DATA BLOCK:
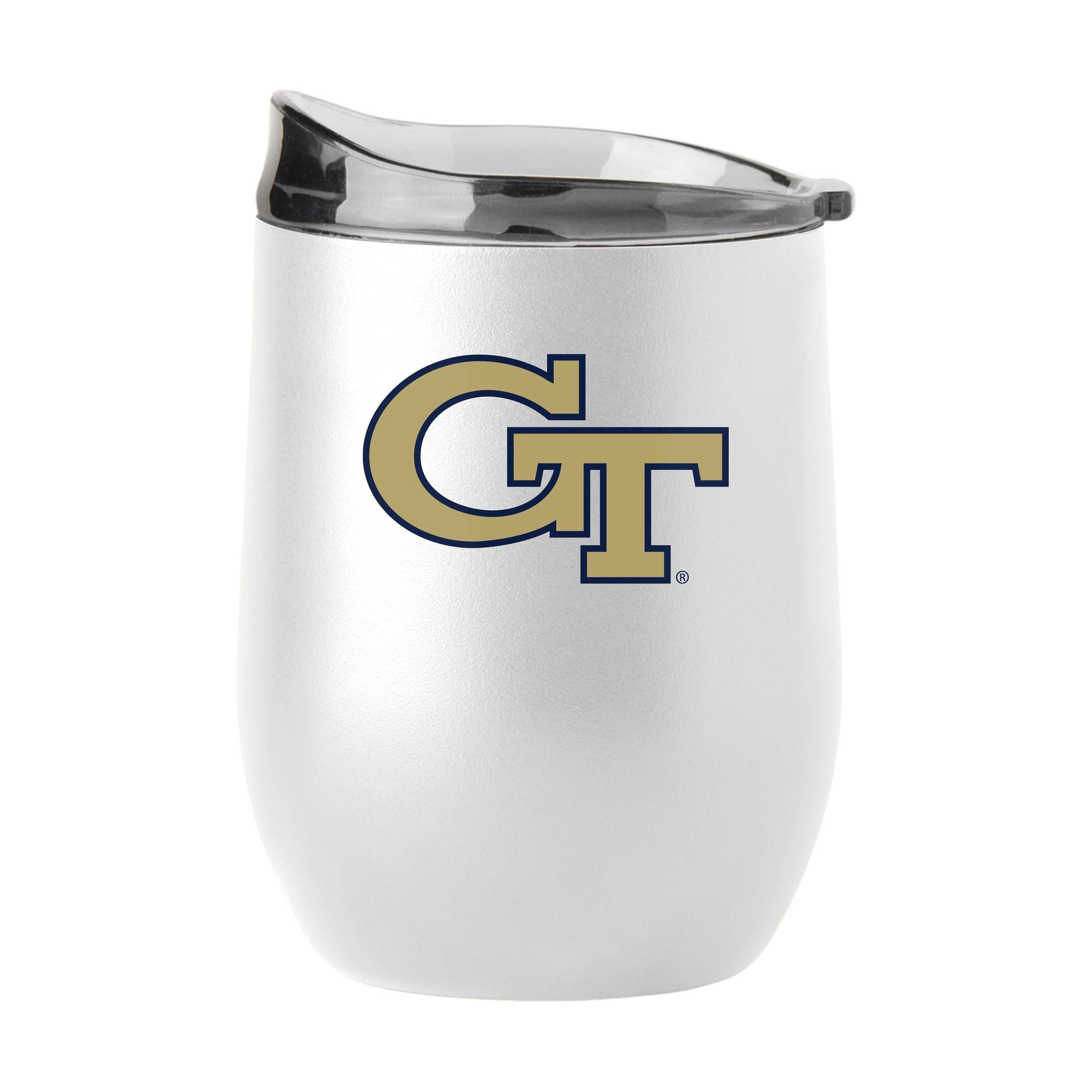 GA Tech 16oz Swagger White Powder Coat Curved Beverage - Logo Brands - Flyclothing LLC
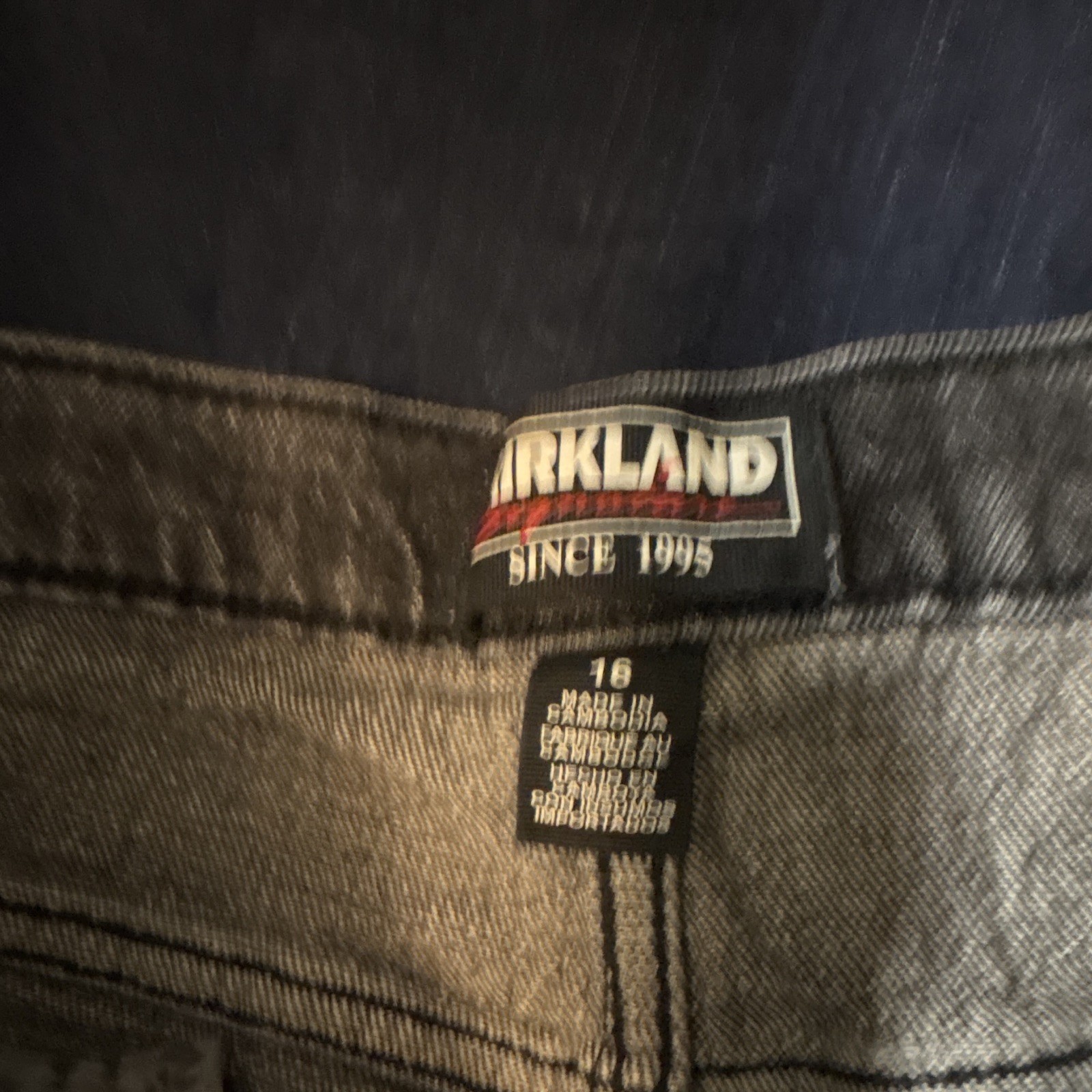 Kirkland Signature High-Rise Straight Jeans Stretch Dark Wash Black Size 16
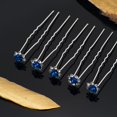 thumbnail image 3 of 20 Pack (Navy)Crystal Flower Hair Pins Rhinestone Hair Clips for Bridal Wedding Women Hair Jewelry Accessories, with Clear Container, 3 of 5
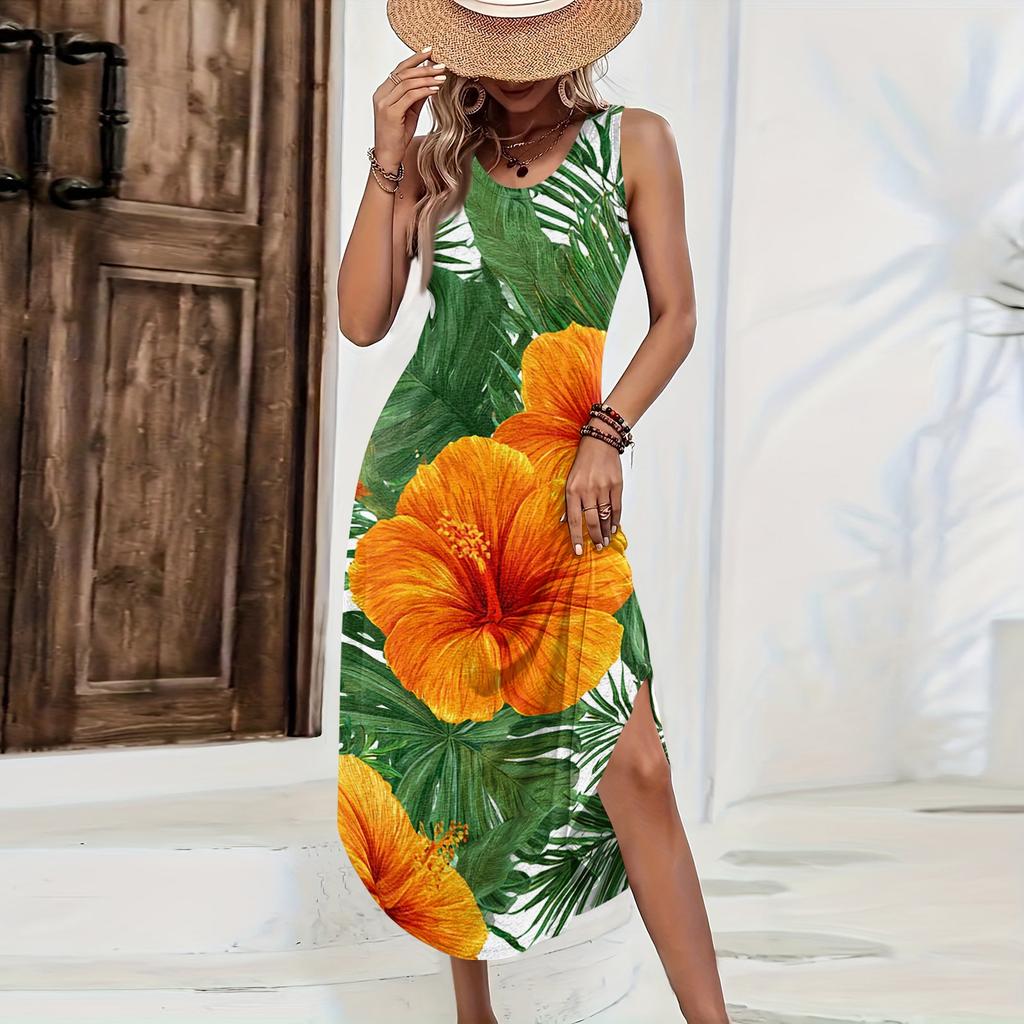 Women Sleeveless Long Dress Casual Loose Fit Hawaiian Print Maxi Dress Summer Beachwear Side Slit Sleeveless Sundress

TASK ITEM: The result should be a transcript of the lines from the line containing "Kirkland Signature High-Rise" through the end of the listing above, exact, inclusive, and without pictures.

ANSWER TO THE PROBLEM:
 Kirkland Signature High-Rise Straight Jeans Stretch Dark Wash Black Size 16
 thumbnail image 3 of 20 Pack (Navy)Crystal Flower Hair Pins Rhinestone Hair Clips for Bridal Wedding Women Hair Jewelry Accessories, with Clear Container, 3 of 5
 Women Sleeveless Long Dress Casual Loose Fit Hawaiian Print Maxi Dress Summer Beachwear Side Slit Sleeveless Sundress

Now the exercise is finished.